Need a bit of help with drawing parse trees
I am experiencing a bit of trouble in drawing grammar trees or parse trees. I can draw simple enough trees such as "The girl with long hair is looking at you" and longer sentences with complements (At least I think I can draw them properly). Since I just started exploring grammar trees a few days ago there are a lot of things which I don´t know how to draw. For example " Living in China for so many years made me miss home" How would I draw the clause "Living in china? Another problem is the relative clause. How does one draw that? A complement clause you would mark with CP, but I am at a loss when it comes to other clauses. I know that this might seem like silly questions but I would love to be able to draw parse trees properly. English is not my first language and my knowledge of English grammar isn't the best so I apologize if the question is strange!

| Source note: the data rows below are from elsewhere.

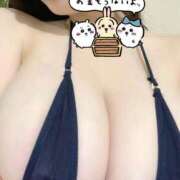 ヒメ日記 2026/01/24 08:39 投稿 ひな 天空のマット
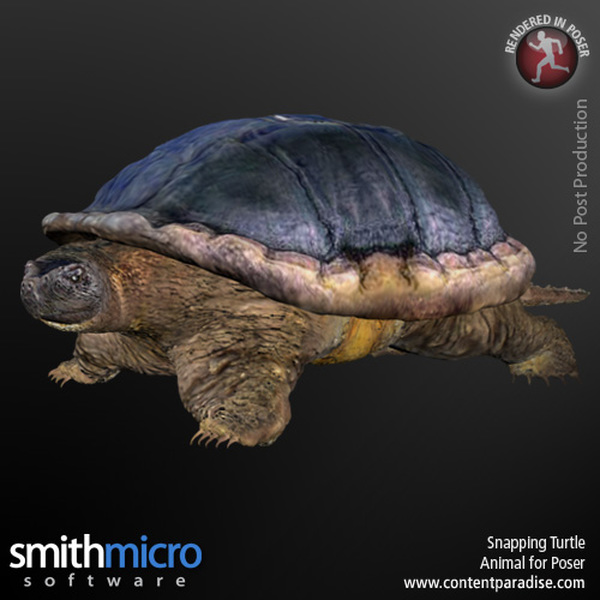 Snapping Turtle by N/A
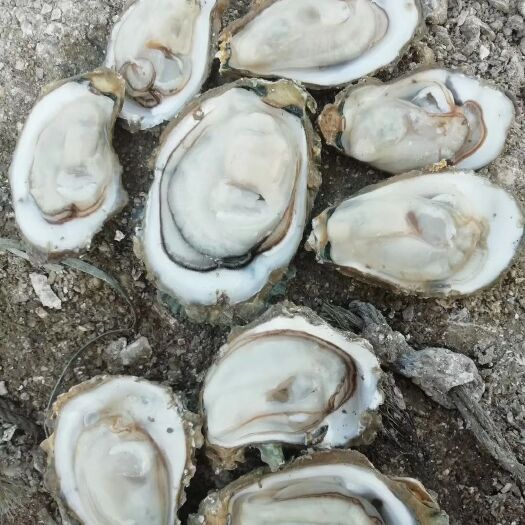 合浦县北部湾生蚝 北部湾生小蚝丁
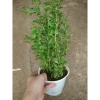 Cây Kỷ Tử dược liệu chuẩn cho hoa quả - giảm 15% chỉ 85.000₫ (Giá gốc 103.700₫) 8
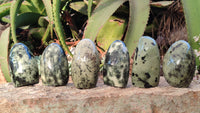 Polished Green Leopard Stone Free Forms  x 6 From Zimbabwe - Toprock Gemstones and Minerals 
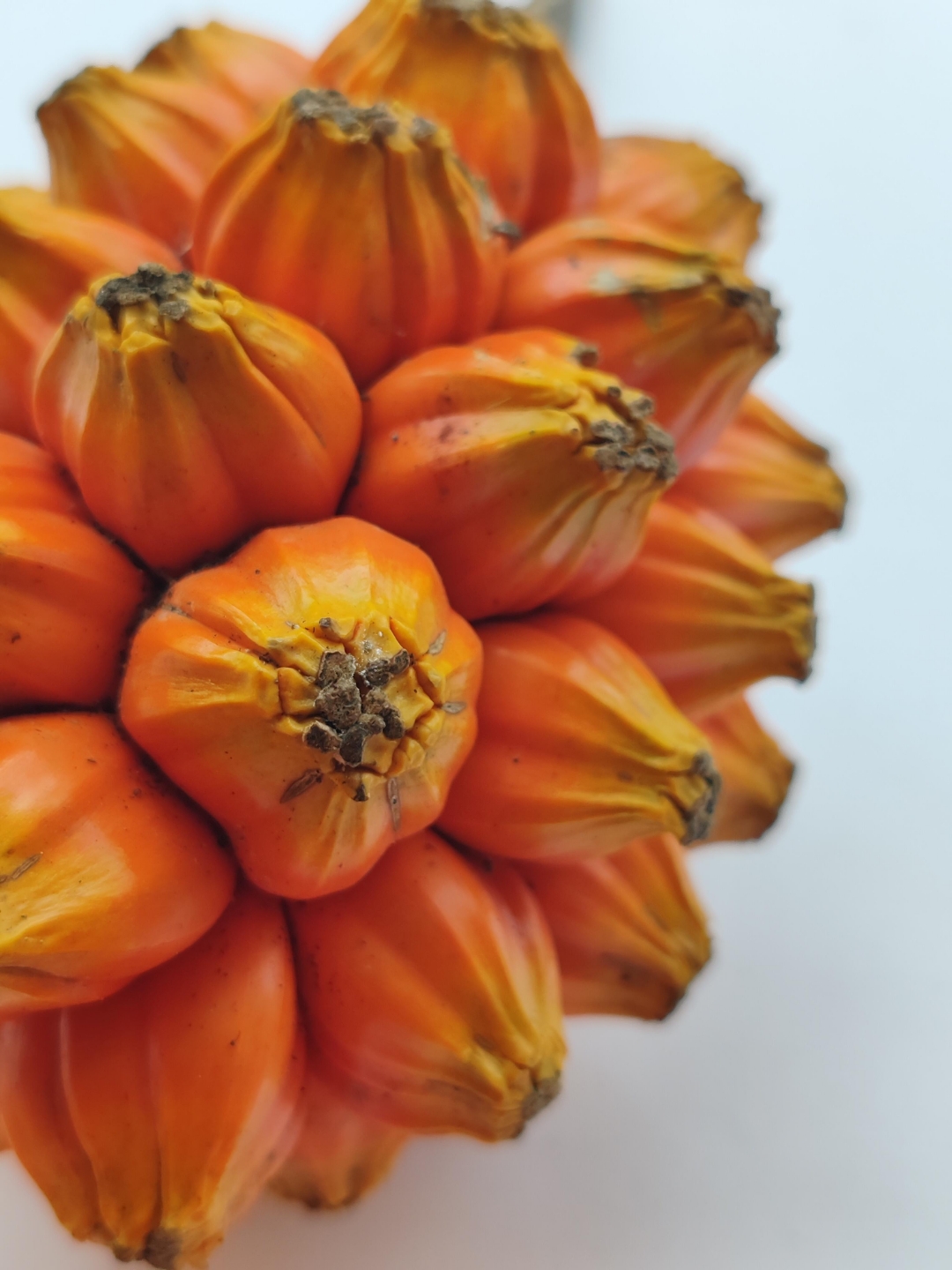 露兜树果是露兜树的果实,也被称为华露兜,假菠萝,野菠萝,山菠萝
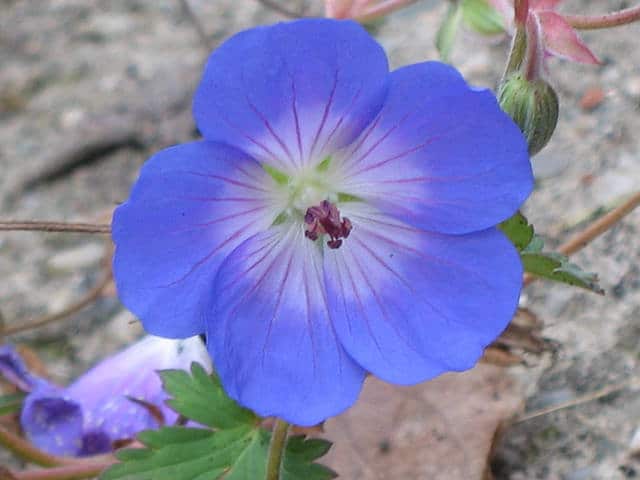 Geranium wallichianum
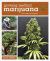 Growing Medical Marijuana : Securely and Legally
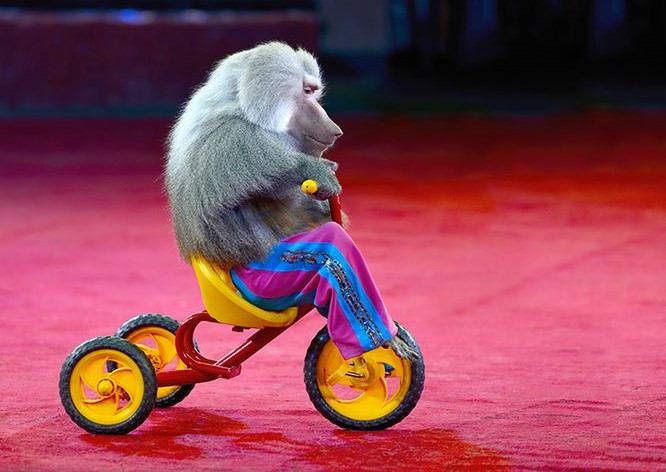 Circo Orfei: gli animalisti si mobilitano. Appuntamento domani per dire basta agli animali usati come oggetti di divertimento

I suggest you search online for the phrase parse tree online
I did so and found this: Parse a sentence
I then pasted in your sentence, Living in China for so many years made me miss home.
Here is the result,
I'd start with a structure that gives an account of the sense, then try to explain the differences between this and the word-for-word details.
[[I live in China for so many years] cause [I miss home]] (leaving out past tenses)
There are two sentential complements of "cause" here, so you'd expect each to be a noun phrase argument of "cause" (i.e. "make"). Sentences in noun phrase position generally require a complementizer. The "-ing" suffix to "live" suggests the logical subject of "cause/make" has a POSS-ing complementizer:
[POSS-I=my live-ing in China for so many years]
But of course there is no "my" present, so the derivation will have to involve deleting it, somehow.
The logical object of "cause/make" doesn't seem to have a complementizer, so this is a problem. But there is a passive of "make" that comes close to working here, "I was made to miss home", where we have a "to" that could be from the for-to complementizer, giving us
... make [for-I to miss home]
Somehow in the derivation the "for" is lost, and the "to" is lost, I guess. The loss of "to", I happen to recall, can be historically documented, since it sometimes turns up in Shakespeare's English, in similar "make" constructions.
So, how I would parse this begins with an idea about its meaning and proceeds with a series of conjectures about how the words get into the sentence form we observe.